== PROVIDED INFORMATION ==
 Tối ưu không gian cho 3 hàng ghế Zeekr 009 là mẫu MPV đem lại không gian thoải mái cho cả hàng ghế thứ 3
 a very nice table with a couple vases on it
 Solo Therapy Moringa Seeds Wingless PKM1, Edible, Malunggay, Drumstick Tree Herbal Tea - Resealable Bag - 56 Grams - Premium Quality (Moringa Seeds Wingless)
===
== PROVIDED INFORMATION ==
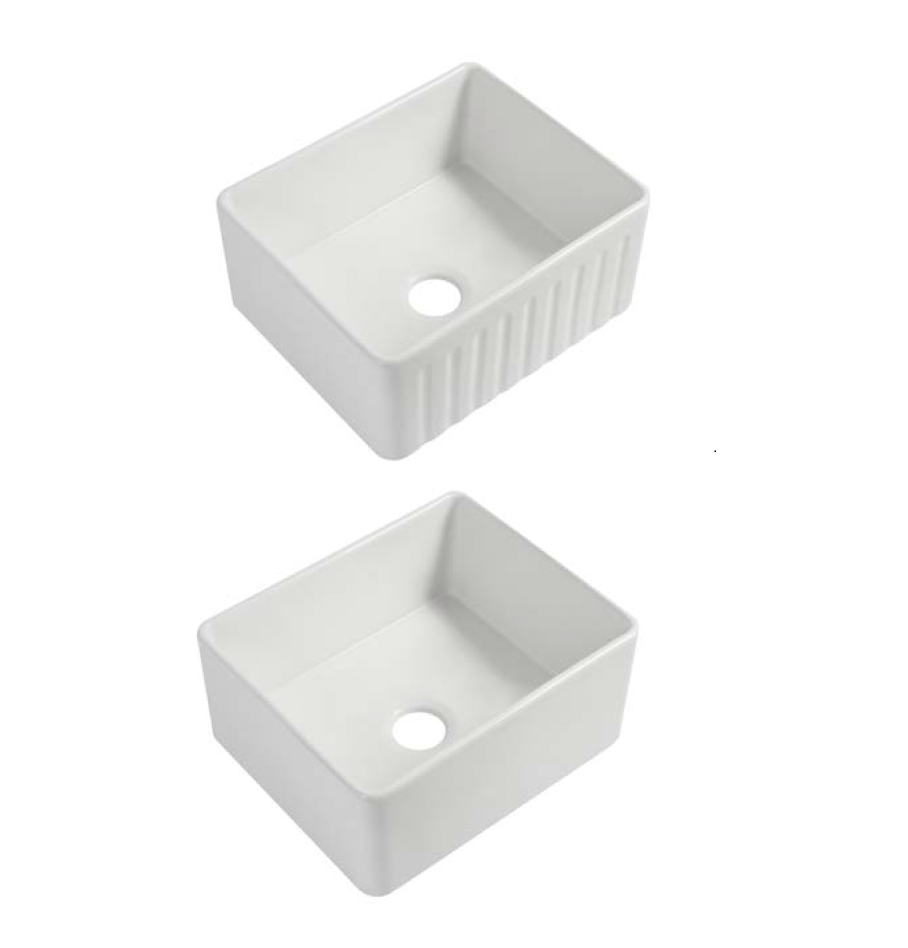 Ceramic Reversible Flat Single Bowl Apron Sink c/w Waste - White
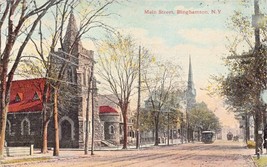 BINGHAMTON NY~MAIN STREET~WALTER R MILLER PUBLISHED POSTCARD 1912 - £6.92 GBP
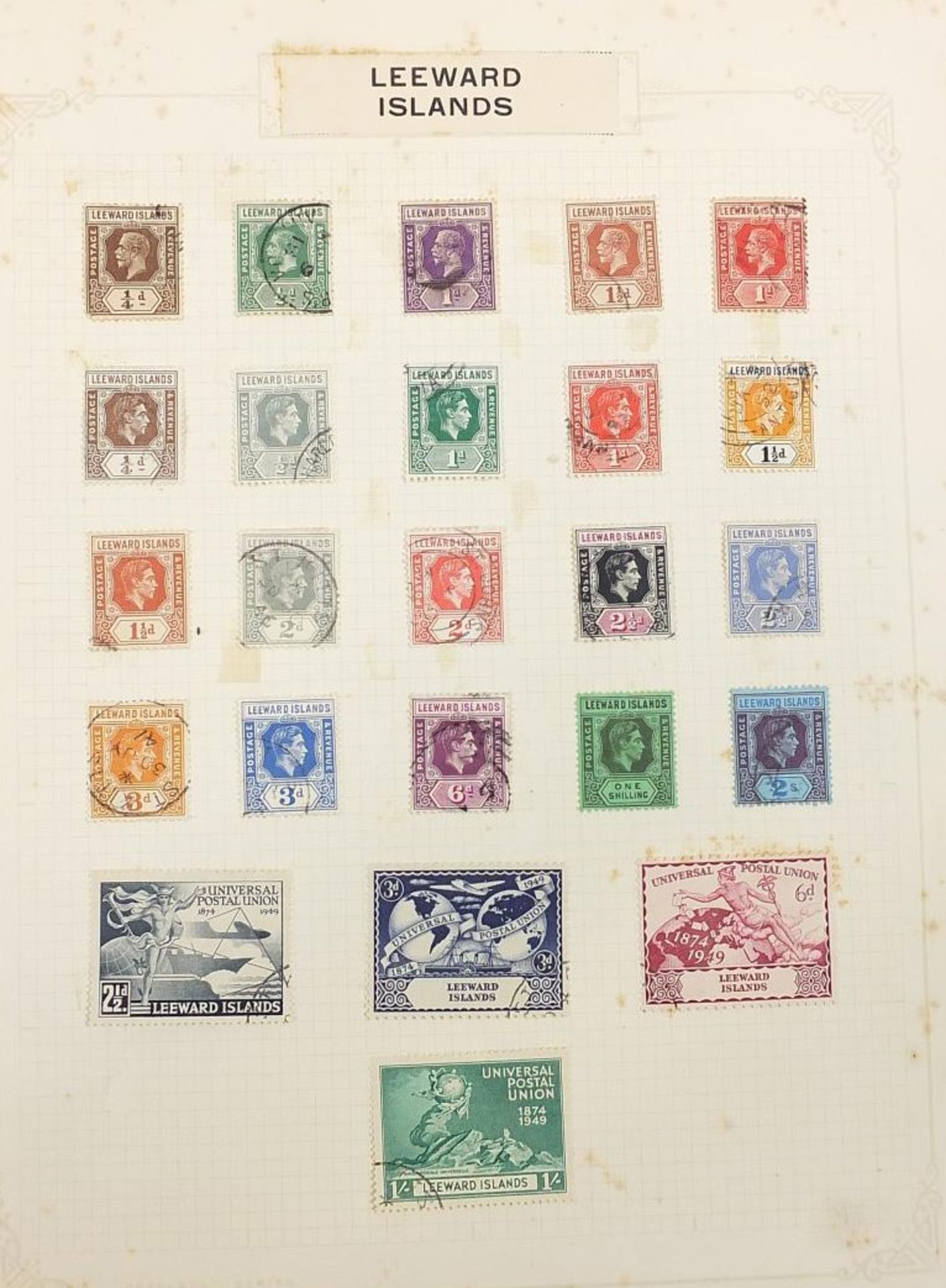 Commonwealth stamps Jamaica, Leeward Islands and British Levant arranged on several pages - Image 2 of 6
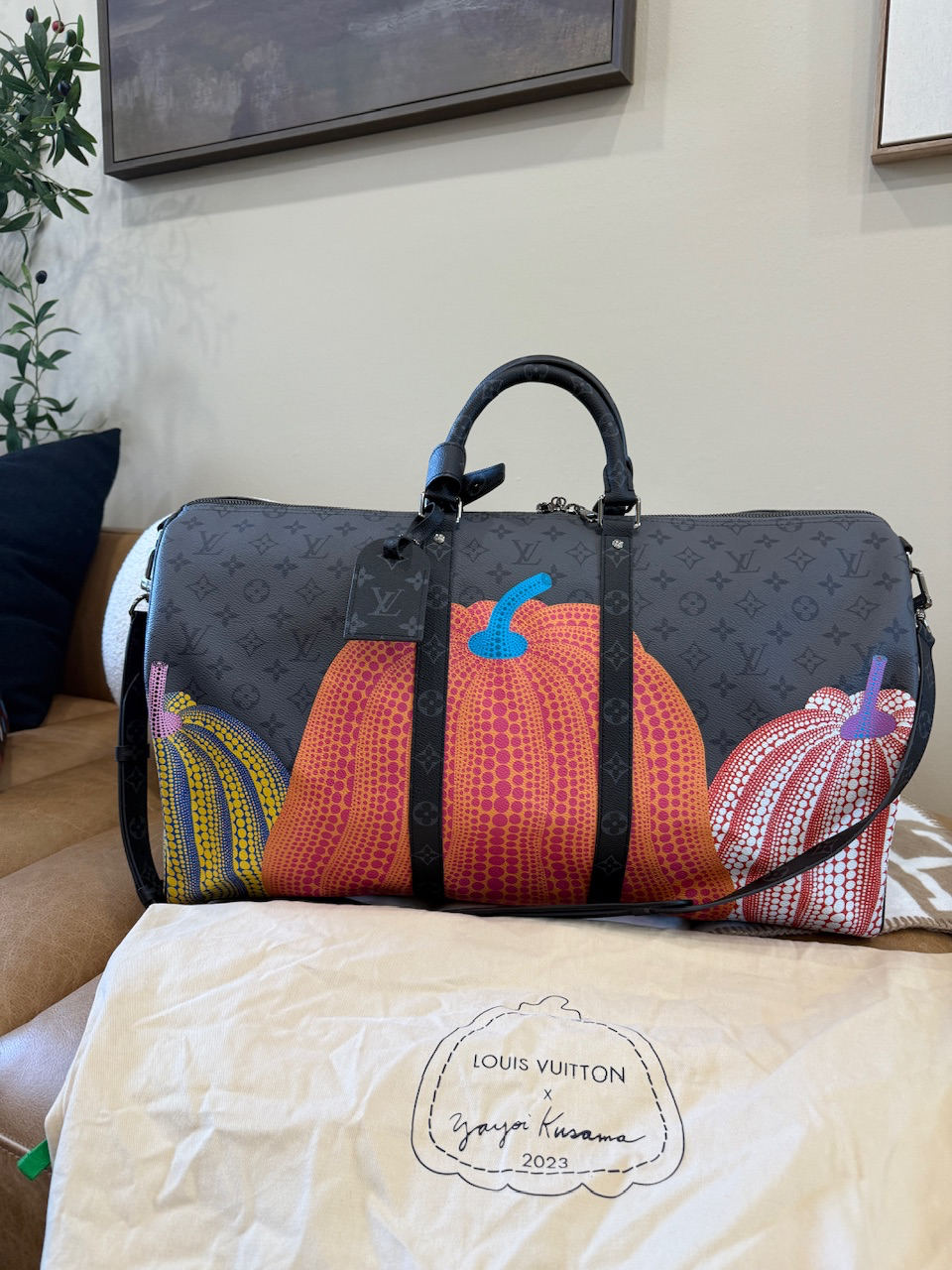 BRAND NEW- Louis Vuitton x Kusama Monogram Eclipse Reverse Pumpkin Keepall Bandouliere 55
===
TASK REQUIREMENTS >>
In the material above, find the line containing "Tối ưu không" and the line containing "Solo Therapy Moringa", then write out exactly those two lines and every line between them, and nothing more.

RESPONSE TO THIS TASK >>
 Tối ưu không gian cho 3 hàng ghế Zeekr 009 là mẫu MPV đem lại không gian thoải mái cho cả hàng ghế thứ 3
 a very nice table with a couple vases on it
 Solo Therapy Moringa Seeds Wingless PKM1, Edible, Malunggay, Drumstick Tree Herbal Tea - Resealable Bag - 56 Grams - Premium Quality (Moringa Seeds Wingless)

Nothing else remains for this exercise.